*PROBLEM DESCRIPTION*: The lines to be extracted begin at the line containing "Who is Kenneth" and end at the last line of the data below; copy them exactly and leave out the pictures.
╭──
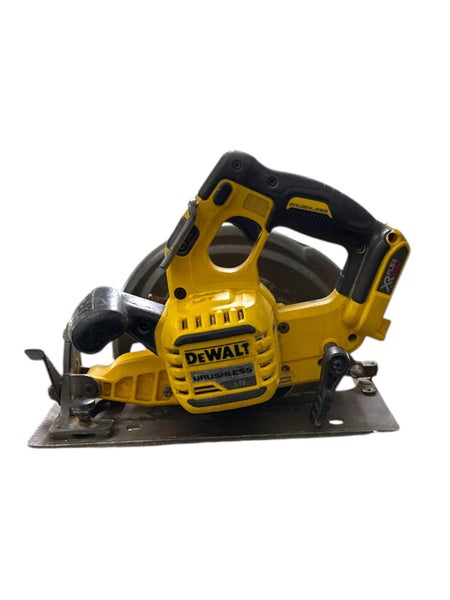 DeWalt FLEXVOLT Cordless Brushless 184mm Circular Saw Carousel 2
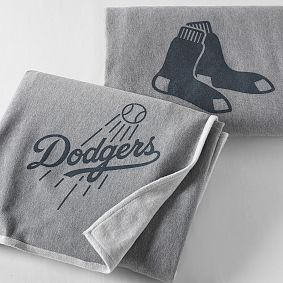 <i>MLB&#8482;</i> Sports Jersey Throw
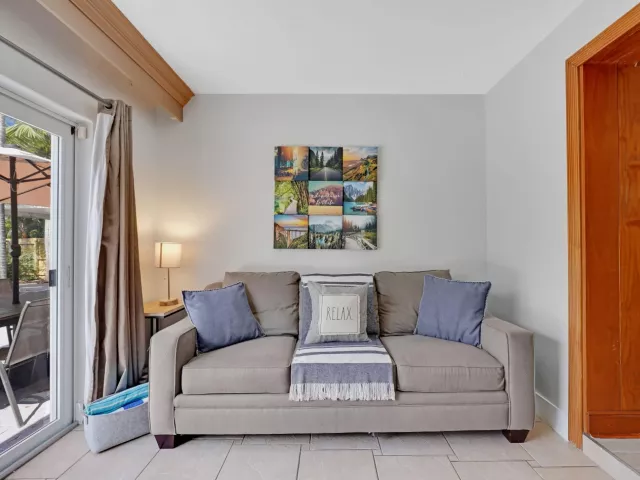 3-bedroom home for rent in Wilton Manors - 401 NW 21ST Court - MondialRealty
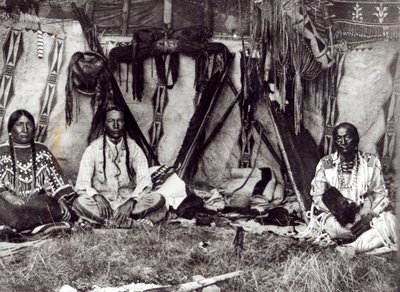 Intérieur de la loge Piegan - Edward Sheriff Curtis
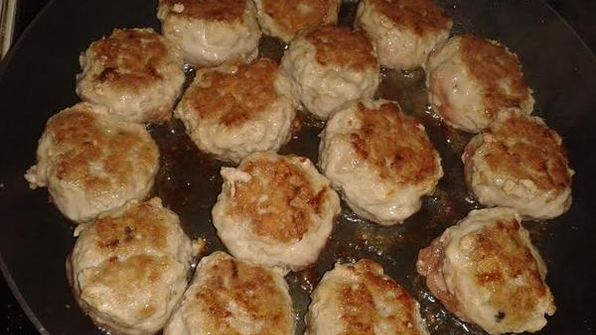 фрикадельки тушеные с баклажанами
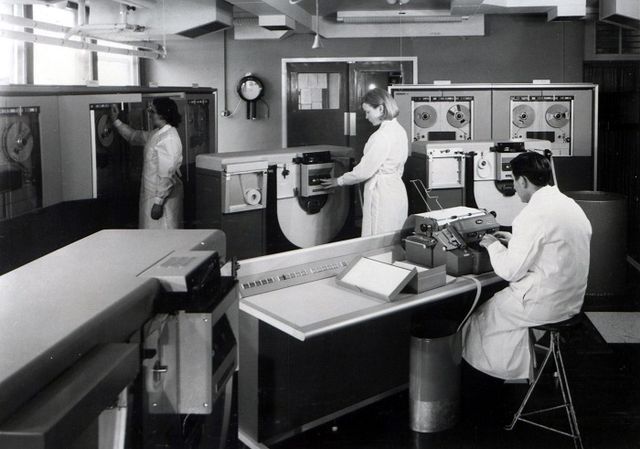 english_electric_kdf9_lyons_electronic_office_computer_installation_bracknell_1966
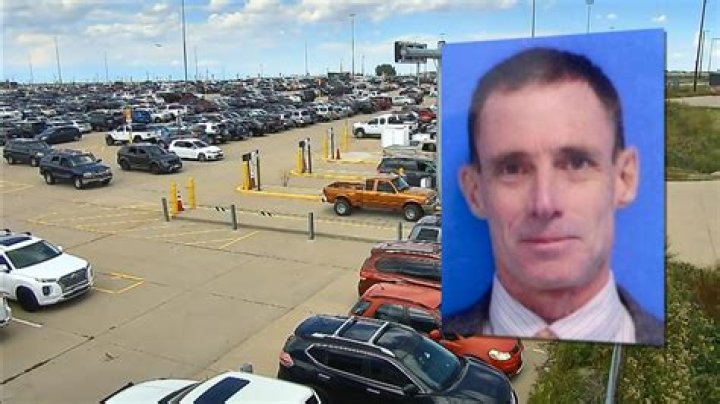 Who is Kenneth Henderson Jones, United Airlines pilot seen attacking Denver Airport parking gate with ax?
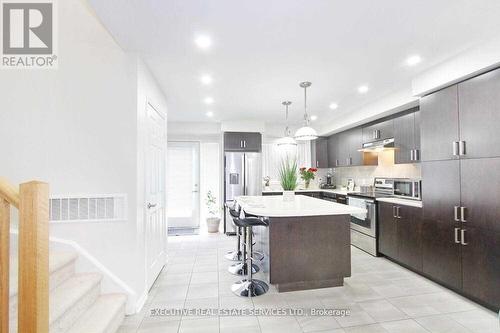 125 - 1 Beckenrose Court, Brampton, ON - Indoor Photo Showing Kitchen With Upgraded Kitchen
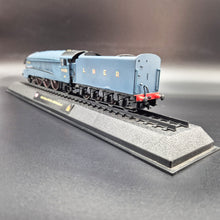 Load image into Gallery viewer, Amercom 1938 LNER Class A4 No. 4468 "Mallard" OO Scale Diecast Train Model Great British Locomotives Series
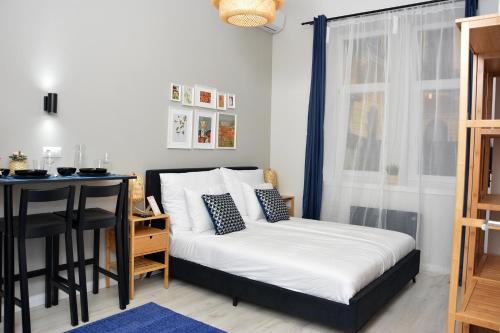 um quarto com uma cama, uma secretária e uma janela em Casa Bacsó em Budapeste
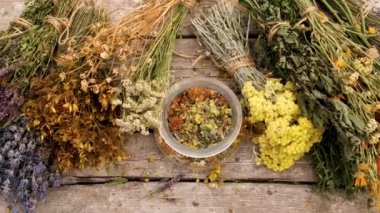 Kurutulmuş otlar, çiçekler alternatif tıp ve tıbbi çay. Seçici odaklanma. Doğa.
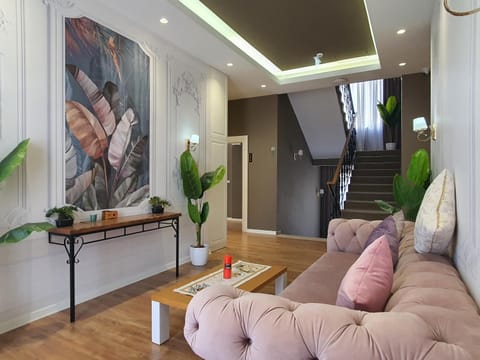 Living room, Seating area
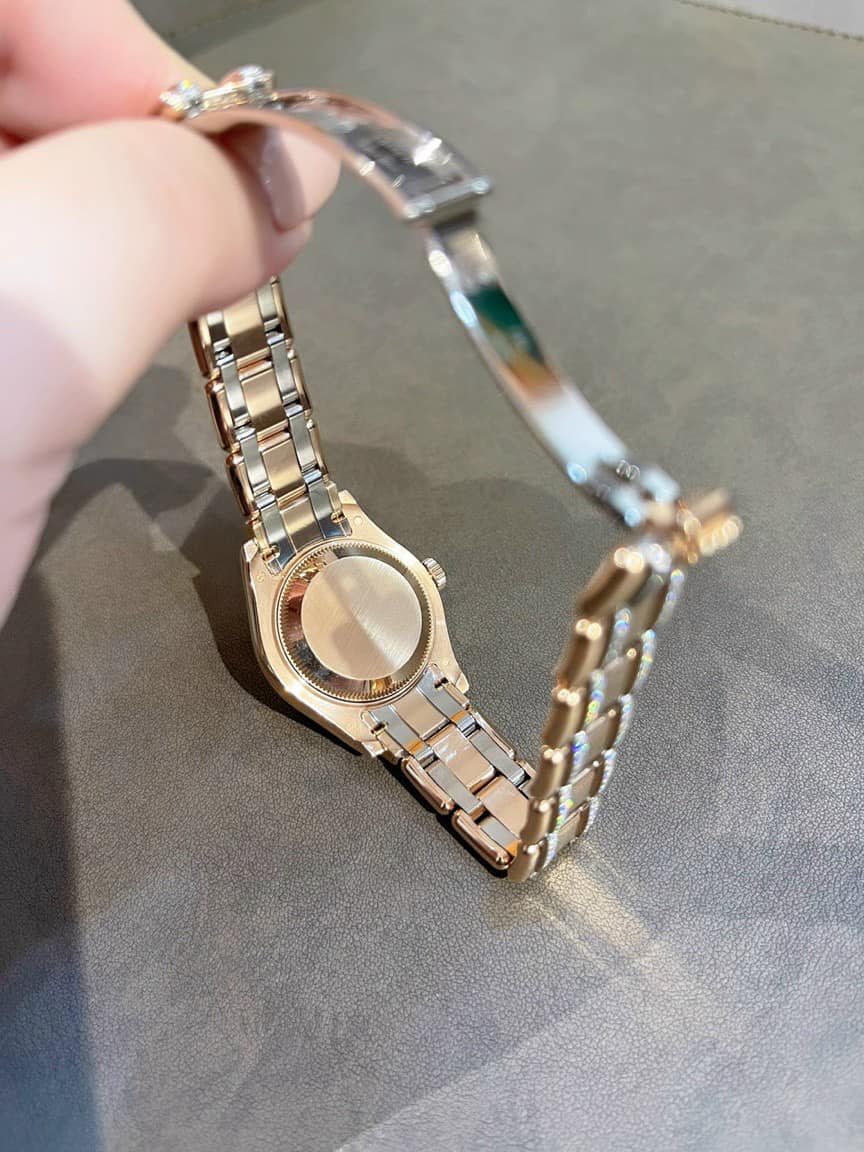 A Đồng Hồ Rolex PearlMaster 29mm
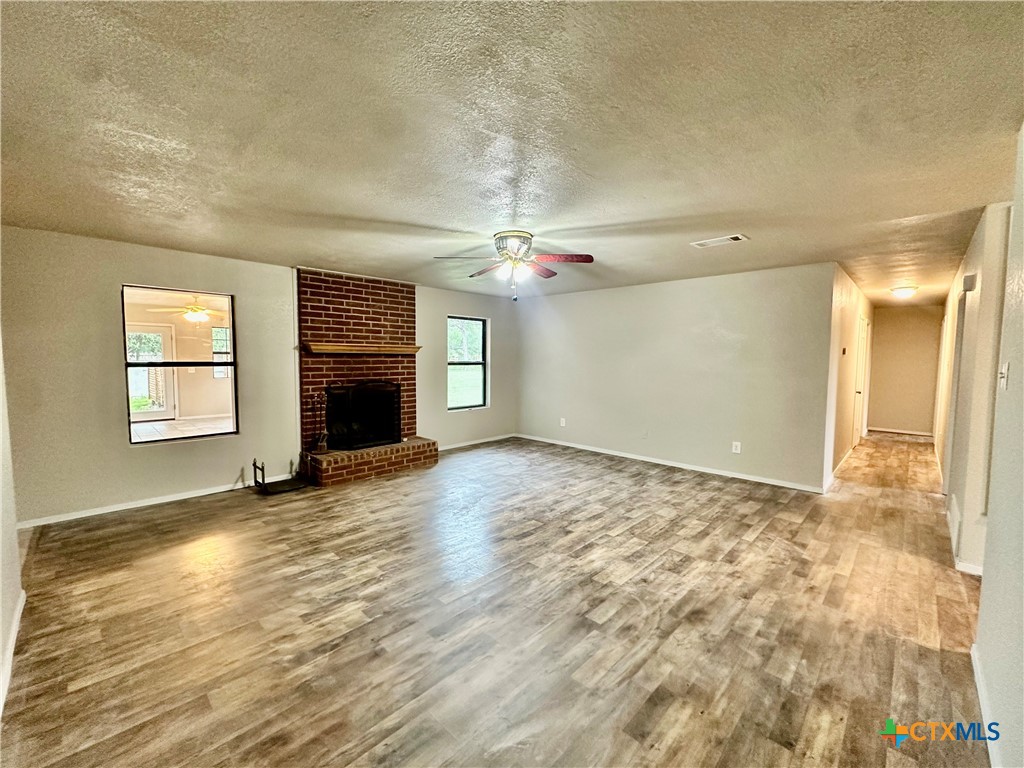 677 County Road 3081 , Lampasas, TX, 76550 | 579376 | Realty Texas LLC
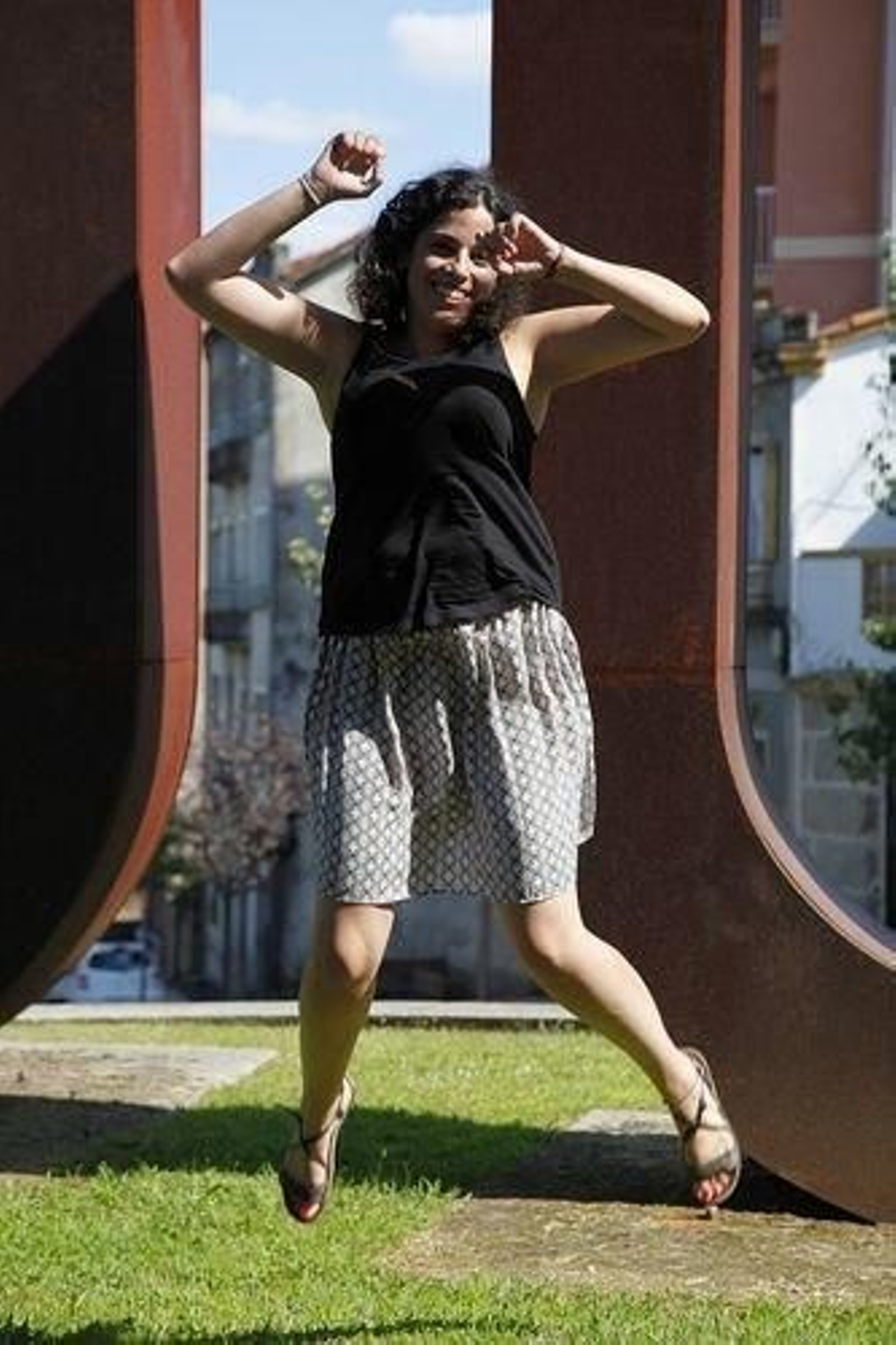 Noa Presas (BNG)/

Desmelene nacionalista/

La sonrisa y cabeza del cartel del BNG se desmelena y salta como si estuviese disfrutando de un concierto en una carballeira aunque no toca ningún instrumento. Noa Presas representa a una generación que se involucró en política con Munca Máis tras la catástrofe medioambiental del petrolero 'Prestige'. Encabeza la lista del BNG por tercera vez en diez meses.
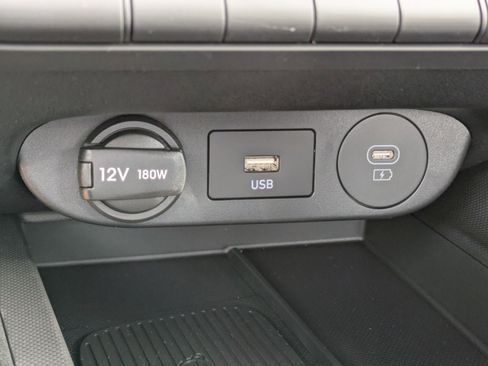 New 2026 Hyundai Elantra Sport image 25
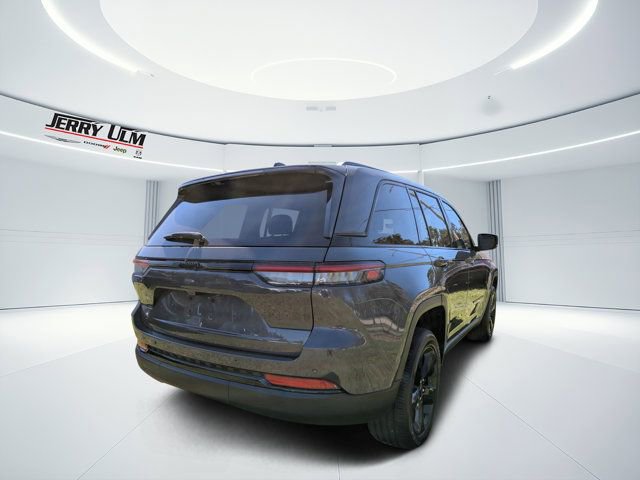 New 2025 Jeep Grand Cherokee Altitude image 3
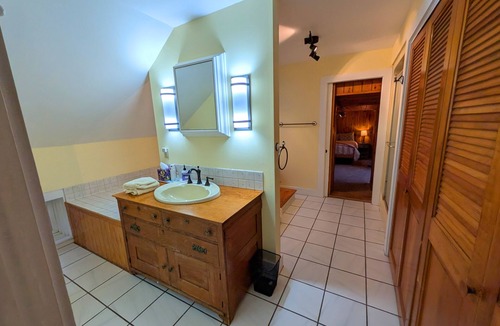 Waterbury House | 1847 Farmhouse Retreat: Hot Tub, AC, EV Charger + Mountain Views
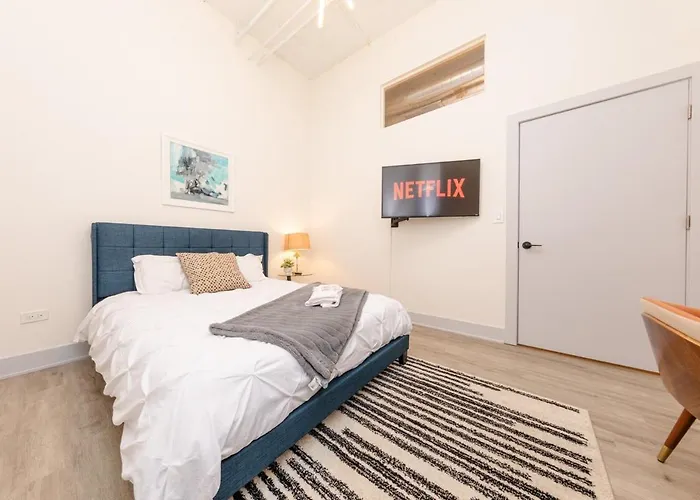Apartamento Massive Luxury 5br Loft For Groups Up To 12 Guests With Optional Parking And Gym Access Near Mccormick Place And Soldier Field Chicago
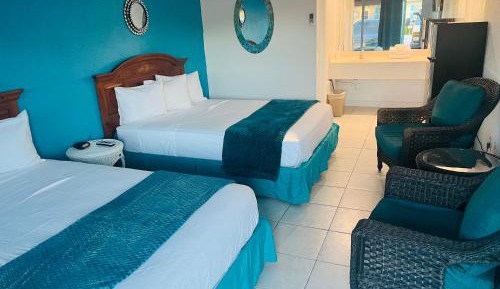 Deluxe Double Room (2 Adults + 1 Child)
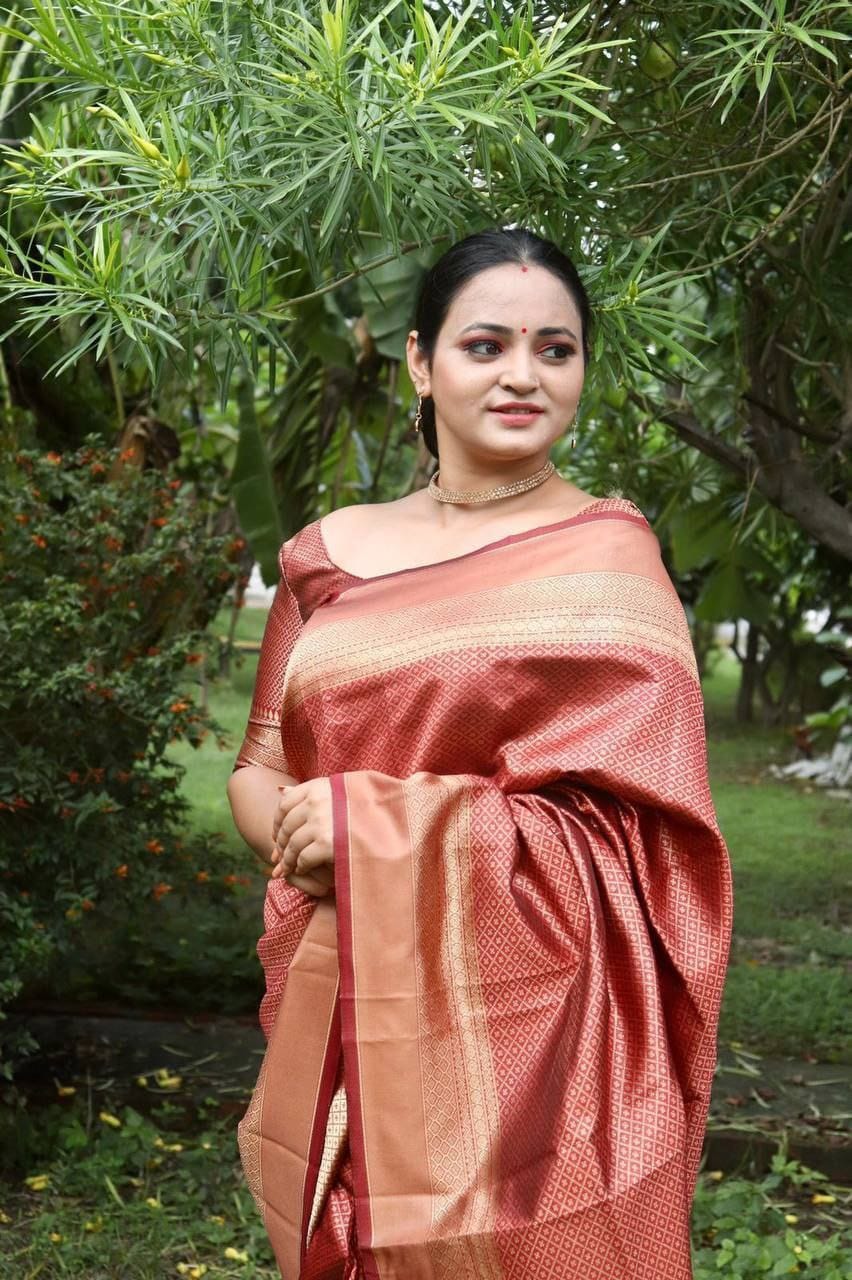 Maroon Pure Pure Banarasi Silk With Attractive Blouse Piece - Almaari Fashion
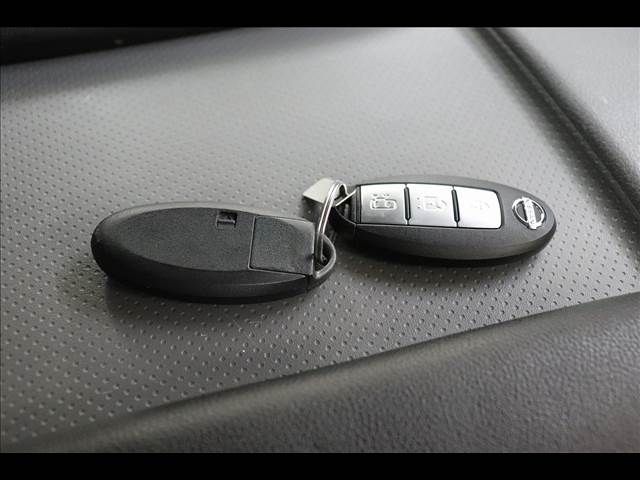 NISSAN NV350 CARAVAN 2018 Image 31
╰──
*ANSWER SECTION*:
 Who is Kenneth Henderson Jones, United Airlines pilot seen attacking Denver Airport parking gate with ax?
 125 - 1 Beckenrose Court, Brampton, ON - Indoor Photo Showing Kitchen With Upgraded Kitchen
 Load image into Gallery viewer, Amercom 1938 LNER Class A4 No. 4468 "Mallard" OO Scale Diecast Train Model Great British Locomotives Series
 um quarto com uma cama, uma secretária e uma janela em Casa Bacsó em Budapeste
 Kurutulmuş otlar, çiçekler alternatif tıp ve tıbbi çay. Seçici odaklanma. Doğa.
 Living room, Seating area
 A Đồng Hồ Rolex PearlMaster 29mm
 677 County Road 3081 , Lampasas, TX, 76550 | 579376 | Realty Texas LLC
 Noa Presas (BNG)/

Desmelene nacionalista/

La sonrisa y cabeza del cartel del BNG se desmelena y salta como si estuviese disfrutando de un concierto en una carballeira aunque no toca ningún instrumento. Noa Presas representa a una generación que se involucró en política con Munca Máis tras la catástrofe medioambiental del petrolero 'Prestige'. Encabeza la lista del BNG por tercera vez en diez meses.
 New 2026 Hyundai Elantra Sport image 25
 New 2025 Jeep Grand Cherokee Altitude image 3
 Waterbury House | 1847 Farmhouse Retreat: Hot Tub, AC, EV Charger + Mountain Views
Apartamento Massive Luxury 5br Loft For Groups Up To 12 Guests With Optional Parking And Gym Access Near Mccormick Place And Soldier Field Chicago
 Deluxe Double Room (2 Adults + 1 Child)
 Maroon Pure Pure Banarasi Silk With Attractive Blouse Piece - Almaari Fashion
 NISSAN NV350 CARAVAN 2018 Image 31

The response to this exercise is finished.